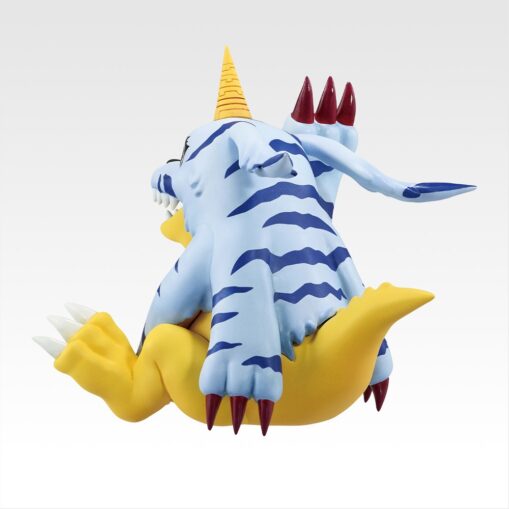 Ichiban Kuji Digimon Series - Clash of Light and Darkness | Prize C: Agumon & Gabumon Set Figure - Image 9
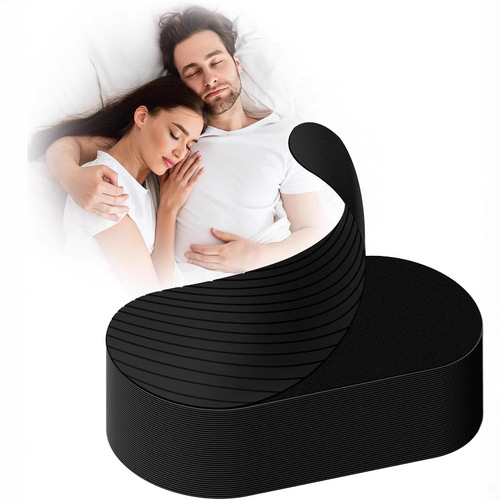 Cross-border black sleep tape improves nasal breathing gently and painlessly, removes low allergenicity micro-hole tape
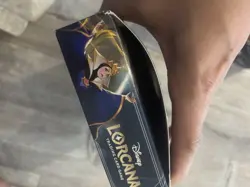 3 boxes Ravensburger Disney Lorcana: Rise of the Floodborn Booster Box(read desc - Image 4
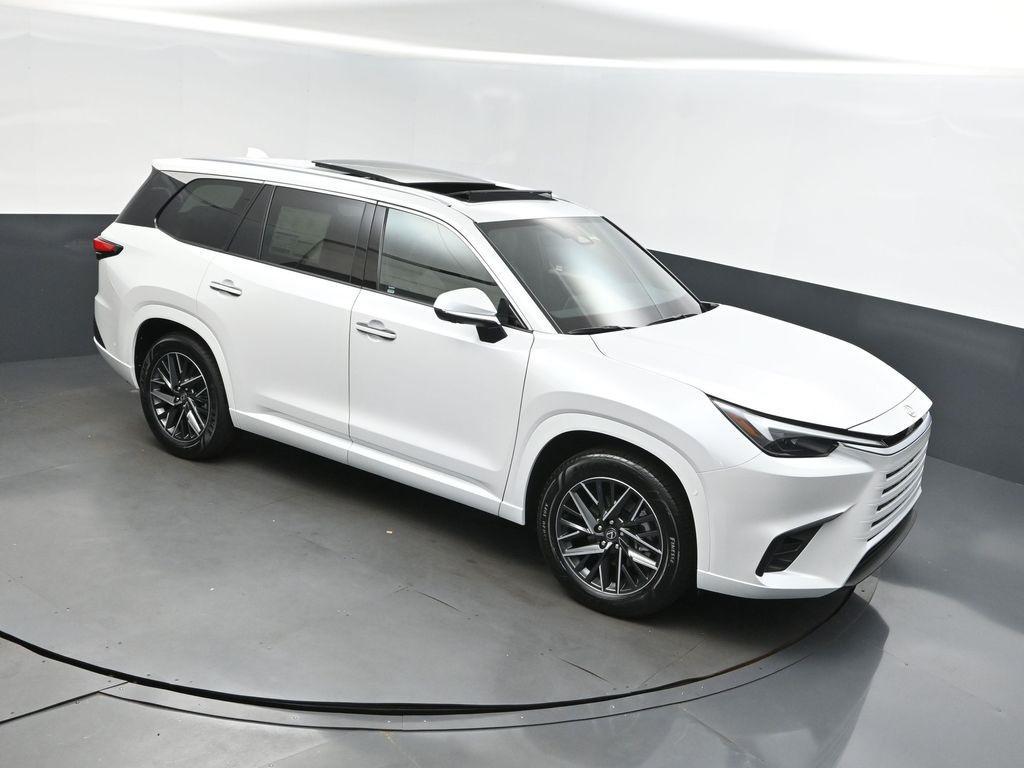 new 2025 Lexus TX 350 car, priced at $63,300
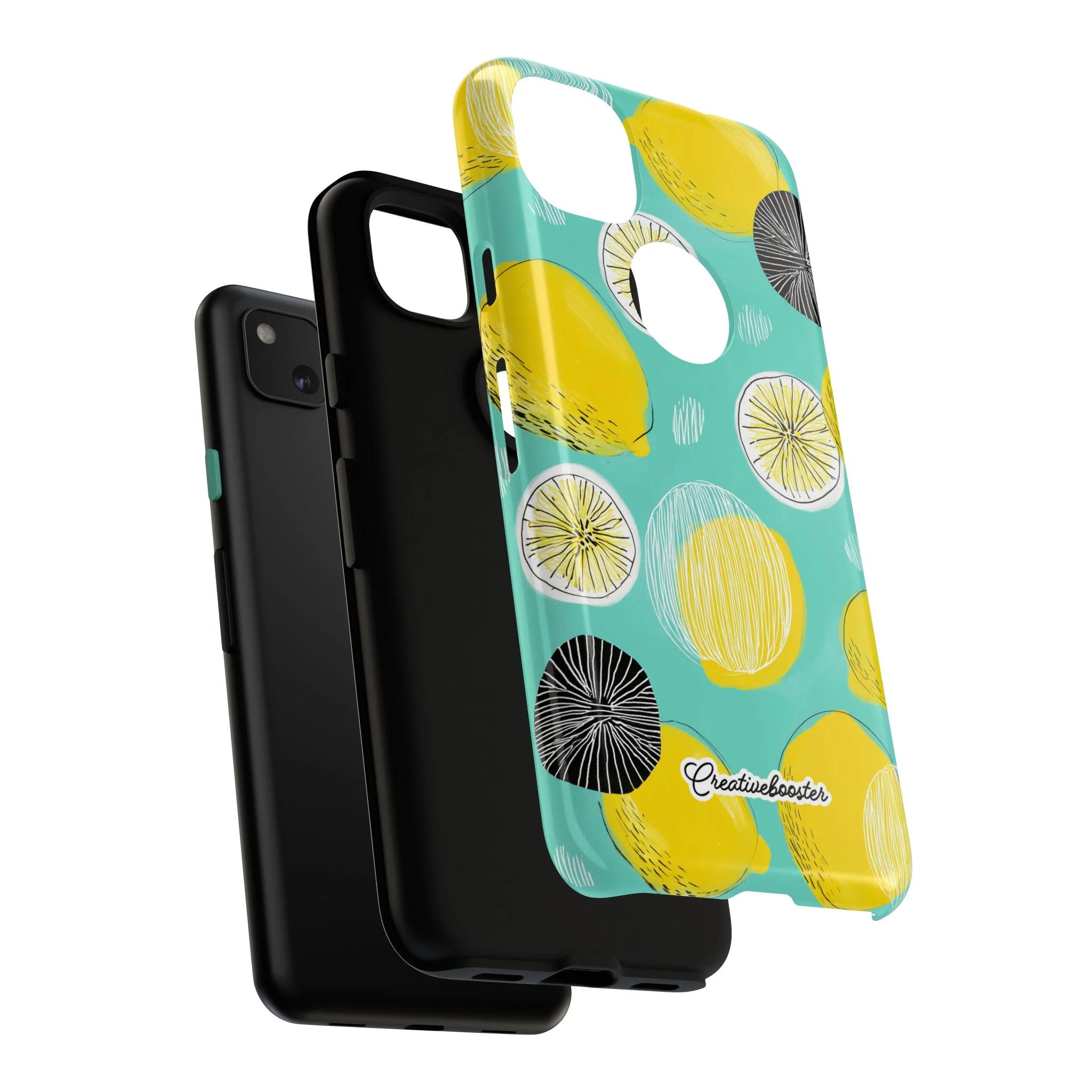Retro Pop - Tough Phone Case - Image 173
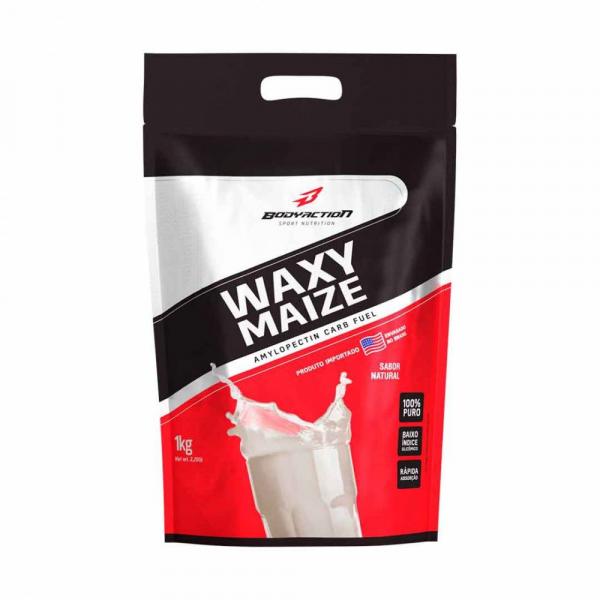 Waxy Maize 1kg Bodyaction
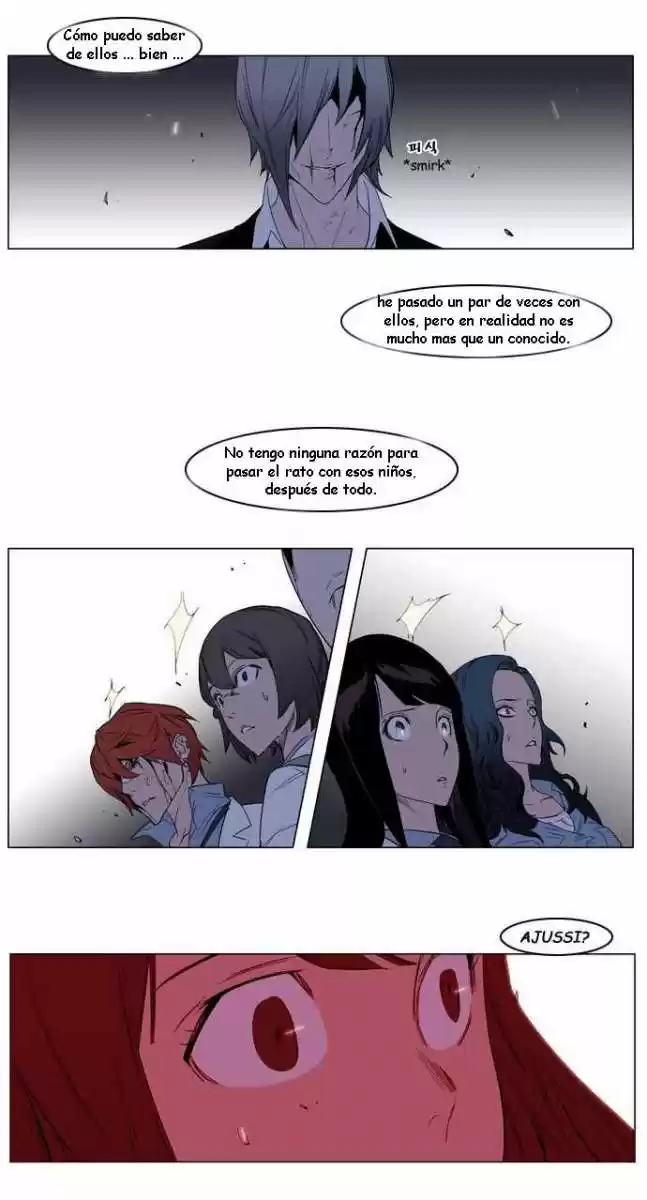Noblesse (2007) - Capítulo 127 - Página 6 - LectorTMOo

[Problem to solve]
In your copy of the material, every word must match and no image should appear.

[Result]
 Ichiban Kuji Digimon Series - Clash of Light and Darkness | Prize C: Agumon & Gabumon Set Figure - Image 9
 Cross-border black sleep tape improves nasal breathing gently and painlessly, removes low allergenicity micro-hole tape
 3 boxes Ravensburger Disney Lorcana: Rise of the Floodborn Booster Box(read desc - Image 4
 new 2025 Lexus TX 350 car, priced at $63,300
Retro Pop - Tough Phone Case - Image 173
 Waxy Maize 1kg Bodyaction
Noblesse (2007) - Capítulo 127 - Página 6 - LectorTMOo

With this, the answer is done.